Crop image on whitespace: Preserving an endangered Pacific Island language

johnbent · Post by **johnbent** » 2014-12-16T10:48:35-07:00

Hello all. I'm a hobbyist trying to create a digitized dictionary for an obscure Pacific Island language, Palauan. I do have copyright holder permission. I have 350+ pages that look like this:

I do not need the accents transcribed. Unfortunately OCR thus far doesn't work well on this. I believe that OCR uses contextual language information to guess and it doesn't have contextual language information for Palauan. So my plan is to use human workers on Amazon's Mechanical Turk to help transcribe. Sadly I know very little about using Mechanical Turk nor about using ImageMagick but I do have decent computer skills, can program a bunch of languages like python, C, bash, etc., and prefer command line tools.

I've heard that Mechanical Turk workers prefer small tasks so I've thought about breaking up the pages in a few of the following ways:
1. A page at a time
2. A column at a time
3. A word entry at a time
4. A line from a column at a time

I was able to use 'convert' on the command line to split the columns but not perfectly; some pages have a slice of the other column in them. In another thread, user snibgo suggested option 4 above and provided the following steps:

I would tackle it like this:

1. Deskew each page.

2. Chop off head and tail of each page.

3. Divide each page into two columns, both trimmed left and right.

4. Divide each column into lines (but with no further trimming).

Now, you have one image per line in the dictionary. Each image that has a character at the far left is the start of a definition. Each image with white space at the left is a continuation.

So you then join up all the lines for each definition, and send that to the OCR.

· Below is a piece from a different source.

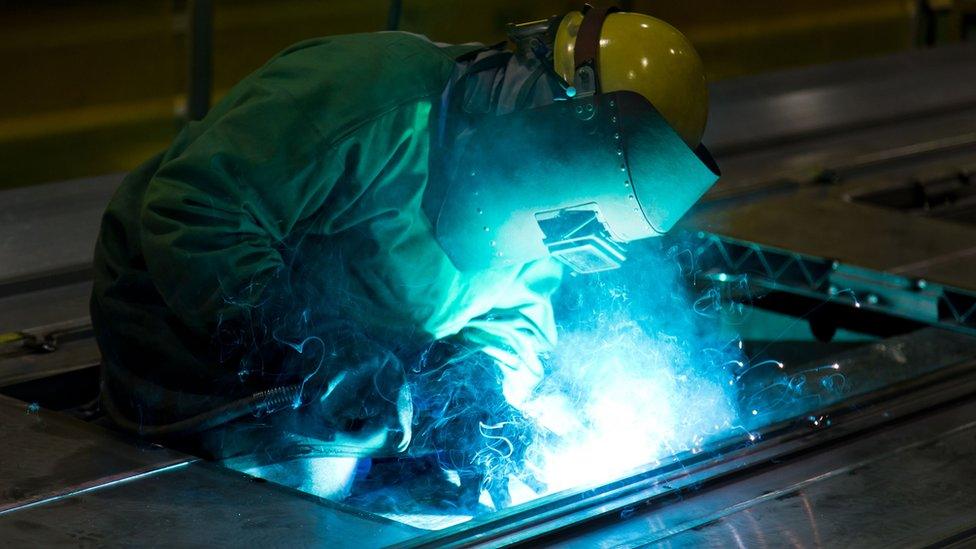 Workman building Virgin Trains new Azuma train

That seems like a great suggestion. Can anyone kindly help out an imagemagick newbie with some potential command line parameters to achieve the above. All I've done is use convert with fixed pixel offsets for column splitting but that doesn't work great due to the different skewing on each of the pages. I did try multicrop with just the default parameters to see what would happen but all that produced was nine images of one letter each.

Or other ideas for how to accomplish my overarching goal are very much appreciated! Thanks all!